There seems to be an inconsistency between wrapping an error using fmt.Errorf with %w and using errors.Wrap:

    e1 := errors.New("error1")
    efmt := fmt.Errorf("error2: %w", e1)
    eerr := errors.Wrap(e1, "error2")

    fmt.Println(errors.Unwrap(efmt))       // error1
    fmt.Println(errors.Unwrap(efmt) == e1) // true
    fmt.Println(errors.Unwrap(eerr))       // error2: error1
    fmt.Println(errors.Unwrap(eerr) == e1) // false :-(

A full example is available here

I am not sure whether that is intended, but this seem inconsistent... Is there a reason for that? Is this documented anywhere?

CodePudding user response:

This is the intended working, and this does not violate the docs. Multiple errors may be wrapped in a single error value, and since a call to Unwrap() returns a single error, obviously not getting what you expect doesn't mean the expected error is not wrapped.
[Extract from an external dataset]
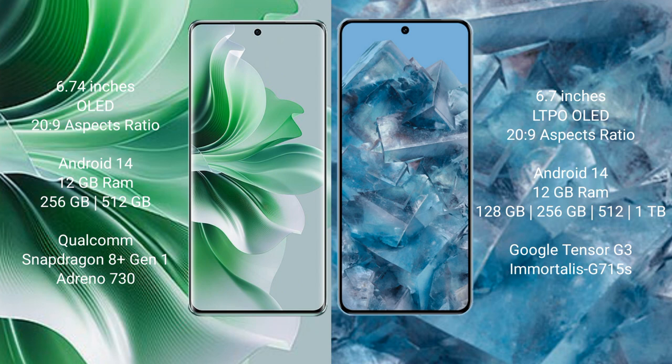The Oppo Reno 11 Pro runs on the Android 14 operating system. The Google Pixel 8 Pro also runs on the Android 14 operating system. The Oppo Reno 11 Pro comes with 12GB RAM and 256GB internal storage.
The errors package is from the standard lib. It does not have an errors.Wrap() function. The one you're using is from github.com/pkg/errors.Wrap(), which does "double-wrapping" under the hood.
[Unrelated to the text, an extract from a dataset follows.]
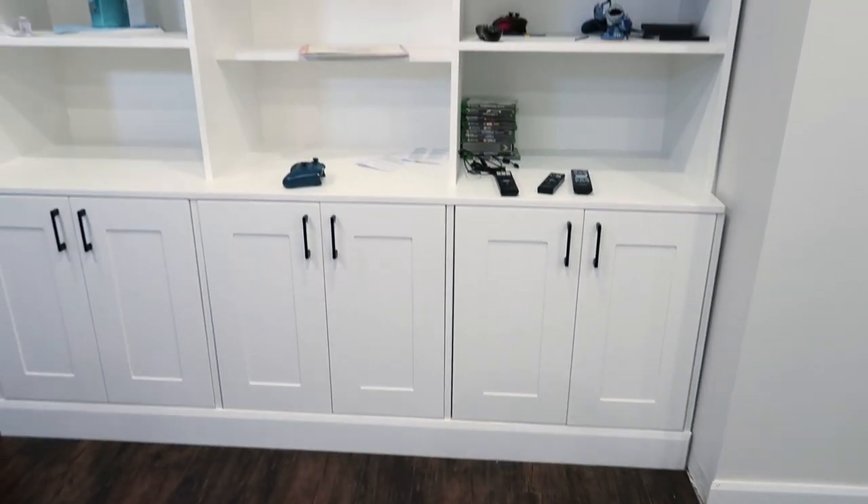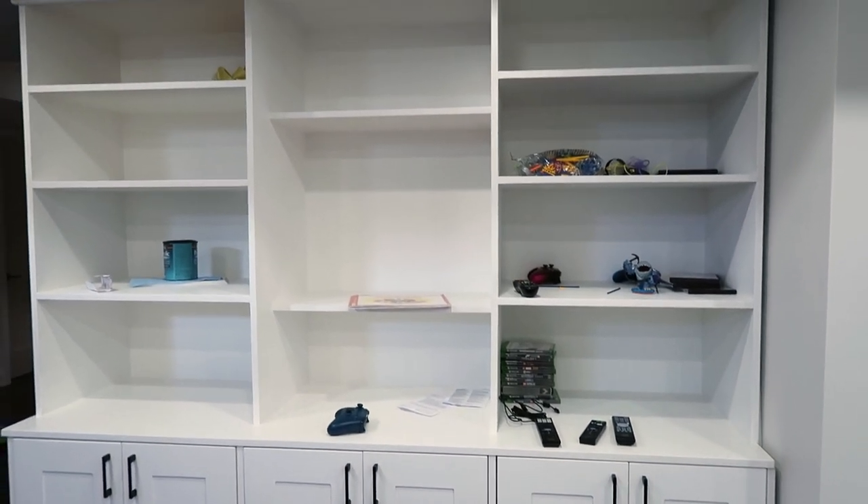Hey guys, it's Joanna from Nesting Story and today you are going to go shopping with me. I am about to go shopping for my built-ins — I'm really excited about this. These are the built-ins that have been put in our basement, and I wanted to break this into two videos: today we're gonna go shopping, and on the next video I will show you how I style the bookcase.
func Wrap(err error, message string) error

First it wraps the error with the given error message, then it wraps again to retain the stack information:

// Wrap returns an error annotating err with a stack trace
// at the point Wrap is called, and the supplied message.
// If err is nil, Wrap returns nil.
func Wrap(err error, message string) error {
    if err == nil {
        return nil
    }
    err = &withMessage{
        cause: err,
        msg:   message,
    }
    return &withStack{
        err,
        callers(),
    }
}

When you call Unwrap(), then the error from second wrapping will be returned (which is not the original error, but a wrapped error wrapping the original), calling Unwrap() again would return the original error.

fmt.Println("Double unwrap:",
    errors.Unwrap(errors.Unwrap(err2wrp)) == err1)

That's why you should use errors.Is() to avoid such "quirks":

fmt.Println("Proper use:", errors.Is(err2wrp, err1))

Try these on the Go Playground.

Note that the above reports true whether you call github.com/pkg/errors.Is() or the standard lib's errors.Is().